Auch online erlebt DIY eine Hochkonjunktur: Unzählige Blogs und Foren geben Anleitungen zum Selbermachen und dienen dem Erfahrungsaustausch: von Kochrezepten über Fahrgemeinschaften bis hin zu urbanen Nachbarschaftsgärten.

Wie sich DIY auf das Konsumverhalten auswirkt, hat die deutsche Soziologin Corinna Vosse untersucht. Die Erfahrung des Selbermachens relativiere die perfektionistischen Ansprüche an Produkte: "Ein selbst geernteter Brokkoli darf auch eine braune Stelle haben“, sagt Vosse. Im Idealfall führe DIY zu einer Bewusstseinsänderung: "Man beginnt sich zu fragen: Wie kann ein kleines tragbares Radio nur 5,99 Euro kosten? Wer zahlt die Rechnung dafür?“ So werde man eher bereit für weniger ressourcenintensive Konsumformen: sich eine Waschmaschine zu teilen, Geräte auszuborgen oder die Turnschuhe reparieren zu lassen. "Wenn Konsum nur über Kaufhandlungen stattfindet, entsteht mein Autonomiegefühl über den Besitz“, erklärt Vosse. Beim Projekt Nachbarschaftsauto hingegen sei nicht mehr der Besitz wesentlich, sondern das Autonomiegefühl verlagere sich auf das Inanspruchnehmen einer Dienstleistung.
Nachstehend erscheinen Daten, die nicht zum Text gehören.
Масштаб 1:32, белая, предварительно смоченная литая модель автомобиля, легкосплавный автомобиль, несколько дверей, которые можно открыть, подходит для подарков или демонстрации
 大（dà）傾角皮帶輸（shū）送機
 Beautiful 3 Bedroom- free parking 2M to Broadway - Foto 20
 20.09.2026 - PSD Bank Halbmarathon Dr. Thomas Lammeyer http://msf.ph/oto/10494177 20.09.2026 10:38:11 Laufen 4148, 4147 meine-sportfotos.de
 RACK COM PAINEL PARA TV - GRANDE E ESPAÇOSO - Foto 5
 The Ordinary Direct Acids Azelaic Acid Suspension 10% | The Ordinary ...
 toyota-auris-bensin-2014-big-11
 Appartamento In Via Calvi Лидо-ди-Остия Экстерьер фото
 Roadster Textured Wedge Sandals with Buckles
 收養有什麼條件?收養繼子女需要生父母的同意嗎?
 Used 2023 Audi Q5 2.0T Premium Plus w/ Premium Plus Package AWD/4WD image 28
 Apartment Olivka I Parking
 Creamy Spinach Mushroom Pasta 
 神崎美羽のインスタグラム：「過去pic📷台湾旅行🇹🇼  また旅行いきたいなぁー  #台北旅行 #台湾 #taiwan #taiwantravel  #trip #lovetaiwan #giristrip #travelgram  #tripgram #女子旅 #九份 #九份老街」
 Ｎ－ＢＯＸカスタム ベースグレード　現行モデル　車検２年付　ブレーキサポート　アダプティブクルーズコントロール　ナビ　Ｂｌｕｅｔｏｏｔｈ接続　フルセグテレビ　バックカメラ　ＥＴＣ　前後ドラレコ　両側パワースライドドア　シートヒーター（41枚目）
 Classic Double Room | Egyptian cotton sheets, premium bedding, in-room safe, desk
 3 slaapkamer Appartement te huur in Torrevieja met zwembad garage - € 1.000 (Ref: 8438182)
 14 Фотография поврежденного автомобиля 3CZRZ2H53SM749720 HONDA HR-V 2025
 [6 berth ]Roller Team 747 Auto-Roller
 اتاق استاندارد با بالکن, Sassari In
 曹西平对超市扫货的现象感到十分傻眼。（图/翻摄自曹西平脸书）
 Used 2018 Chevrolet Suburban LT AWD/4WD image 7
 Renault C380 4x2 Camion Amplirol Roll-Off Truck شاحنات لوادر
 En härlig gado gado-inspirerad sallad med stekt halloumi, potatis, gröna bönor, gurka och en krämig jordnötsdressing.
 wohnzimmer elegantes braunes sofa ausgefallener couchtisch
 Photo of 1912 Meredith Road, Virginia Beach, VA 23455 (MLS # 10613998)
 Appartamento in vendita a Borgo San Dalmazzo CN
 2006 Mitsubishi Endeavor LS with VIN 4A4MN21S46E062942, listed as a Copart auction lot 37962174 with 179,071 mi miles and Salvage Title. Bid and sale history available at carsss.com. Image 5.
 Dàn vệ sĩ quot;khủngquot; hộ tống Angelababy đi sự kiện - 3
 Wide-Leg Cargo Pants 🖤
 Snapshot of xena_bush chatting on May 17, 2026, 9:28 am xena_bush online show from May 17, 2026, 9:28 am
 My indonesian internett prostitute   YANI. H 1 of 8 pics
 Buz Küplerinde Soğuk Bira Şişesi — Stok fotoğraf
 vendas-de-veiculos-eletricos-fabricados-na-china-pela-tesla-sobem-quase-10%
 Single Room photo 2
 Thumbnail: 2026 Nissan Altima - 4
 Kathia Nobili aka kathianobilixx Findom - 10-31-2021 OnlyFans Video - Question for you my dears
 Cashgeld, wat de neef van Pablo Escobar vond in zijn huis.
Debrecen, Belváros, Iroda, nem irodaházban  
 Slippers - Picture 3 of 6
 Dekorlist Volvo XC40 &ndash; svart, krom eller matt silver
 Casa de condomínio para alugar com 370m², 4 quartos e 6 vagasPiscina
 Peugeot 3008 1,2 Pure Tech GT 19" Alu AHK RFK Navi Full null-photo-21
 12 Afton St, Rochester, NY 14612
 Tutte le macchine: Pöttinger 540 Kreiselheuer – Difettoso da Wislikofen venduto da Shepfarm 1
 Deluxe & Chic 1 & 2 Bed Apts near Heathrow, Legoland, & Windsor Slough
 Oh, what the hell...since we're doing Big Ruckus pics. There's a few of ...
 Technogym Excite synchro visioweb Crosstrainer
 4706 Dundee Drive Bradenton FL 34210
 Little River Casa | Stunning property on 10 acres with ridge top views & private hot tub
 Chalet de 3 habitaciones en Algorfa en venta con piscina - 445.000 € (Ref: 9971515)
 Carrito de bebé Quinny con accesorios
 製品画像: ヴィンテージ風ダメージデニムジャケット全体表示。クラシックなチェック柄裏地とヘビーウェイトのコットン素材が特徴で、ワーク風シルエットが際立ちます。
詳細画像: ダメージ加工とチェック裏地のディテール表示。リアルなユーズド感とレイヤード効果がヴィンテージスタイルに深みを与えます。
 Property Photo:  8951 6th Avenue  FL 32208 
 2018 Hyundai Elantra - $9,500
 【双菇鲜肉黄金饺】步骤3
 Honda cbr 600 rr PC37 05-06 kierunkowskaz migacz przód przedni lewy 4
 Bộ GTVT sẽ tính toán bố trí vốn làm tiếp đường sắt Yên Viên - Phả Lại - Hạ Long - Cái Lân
Traditionelle, Aktivisten und andere

Wer sind also die Selbermacher? Vosse ist in ihren Forschungen auf fünf Typen gestoßen: Die Traditionellen seien mit dem Selbermachen als Alltagspraxis aufgewachsen. Die Idealisten und Aktivisten wiederum würden das Selbermachen als einen Weg in eine bessere, nachhaltigere Welt sehen. Den Perfektionisten und Stilbewussten gehe es darum, etwas besonders gut oder individuell zu machen und sich zu inszenieren. Die Besorgten würden das Selbermachen als Prävention betrachten und sich davon Gesundheitsvorteile erwarten. Und den Lebenskünstlern gehe es vor allem darum, Geld zu sparen und in ihrer Zeiteinteilung selbstbestimmt zu sein.

Dem Selbermachen sind aber auch Grenzen gesetzt. Paradoxerweise entsteht durch DIY ein neuer Markt für Geräte und Materialien. "Bei vielen Anleitungen muss man sich zuerst alle möglichen Materialien kaufen. Letztlich kauft man dann mehr und nicht weniger“, erklärt Vosse. Bei den Anleitungen im Internet fehle wiederum das Bewusstsein, dass auch das Internet enorm viel Energie verbraucht.

Ein klassisches Beispiel für die Paradoxien von DIY ist die Konsumentengruppe der LOHAS (Lifestyle of Health and Sustainability): Das sind gebildete, wohlhabende Schichten, die sich einen ökologischen Anstrich geben, aber einen überdurchschnittlich hohen ökologischen Fußabdruck hinterlassen: "Sie fliegen auf die Malediven, aber stufen sich als umweltbewusst ein, weil sie Bio-Produkte kaufen und am Balkon Tomaten anbauen“, kritisiert Vosse.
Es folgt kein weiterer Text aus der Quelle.